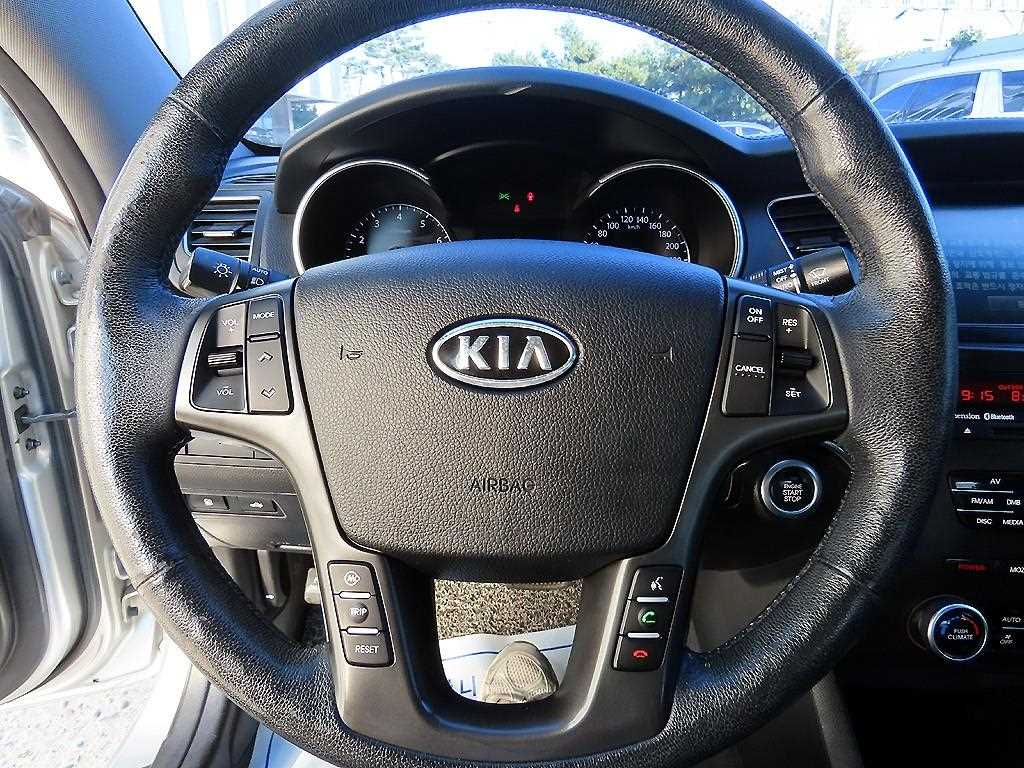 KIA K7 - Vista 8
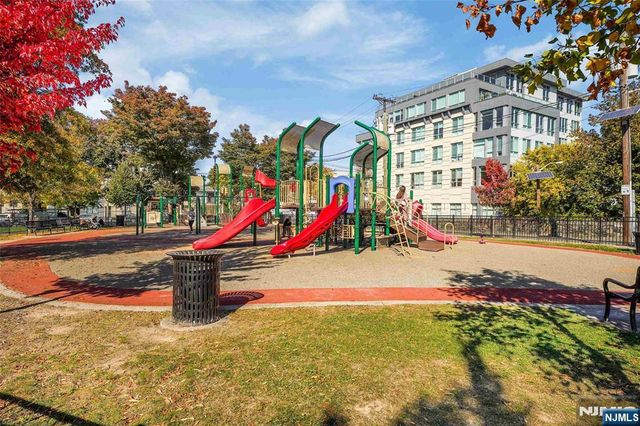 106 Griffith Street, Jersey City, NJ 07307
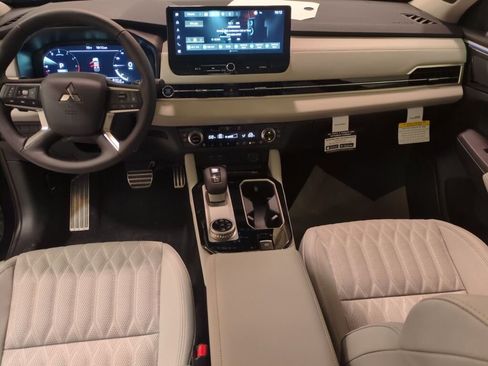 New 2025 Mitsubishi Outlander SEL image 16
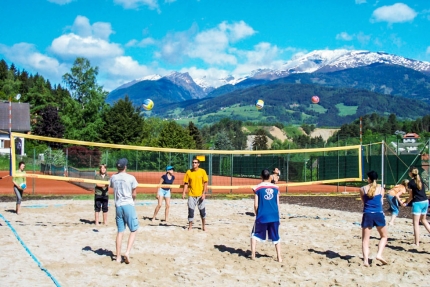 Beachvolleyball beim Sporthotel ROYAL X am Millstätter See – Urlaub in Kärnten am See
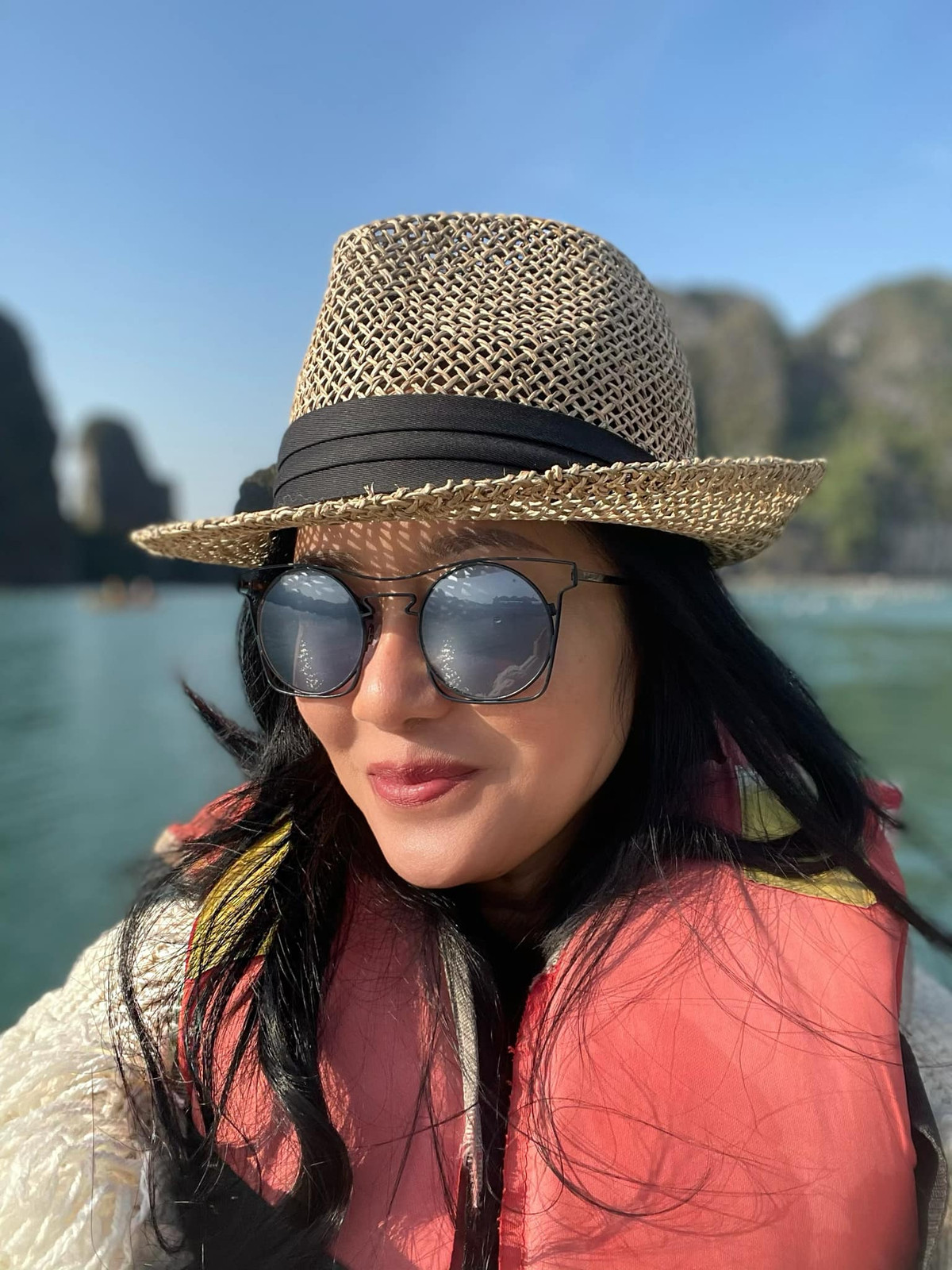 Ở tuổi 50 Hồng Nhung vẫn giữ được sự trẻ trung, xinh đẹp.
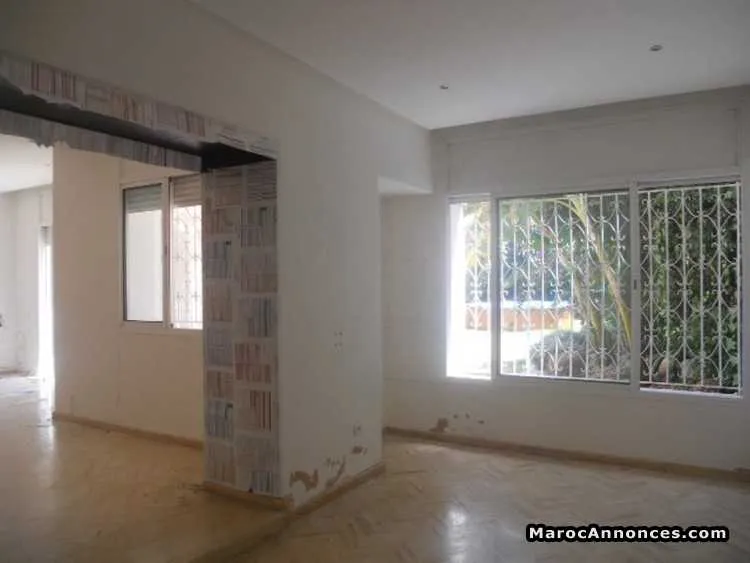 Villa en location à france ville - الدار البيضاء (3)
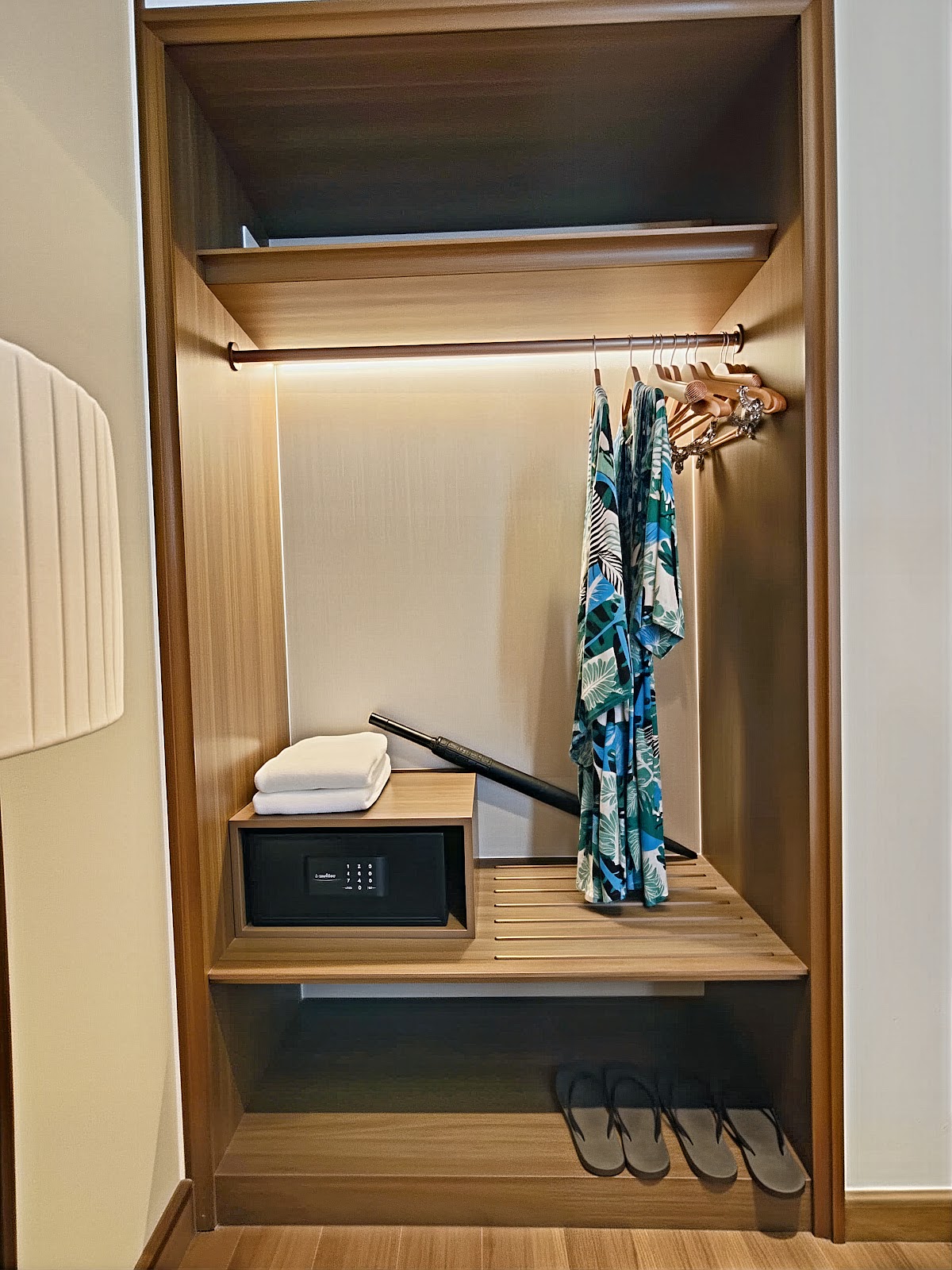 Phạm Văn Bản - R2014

— Your goal —
Could you repeat the data exactly, omitting its pictures?

— Solution to the problem —
 KIA K7 - Vista 8
 106 Griffith Street, Jersey City, NJ 07307
 New 2025 Mitsubishi Outlander SEL image 16
 Beachvolleyball beim Sporthotel ROYAL X am Millstätter See – Urlaub in Kärnten am See
 Ở tuổi 50 Hồng Nhung vẫn giữ được sự trẻ trung, xinh đẹp.
 Villa en location à france ville - الدار البيضاء (3)
 Phạm Văn Bản - R2014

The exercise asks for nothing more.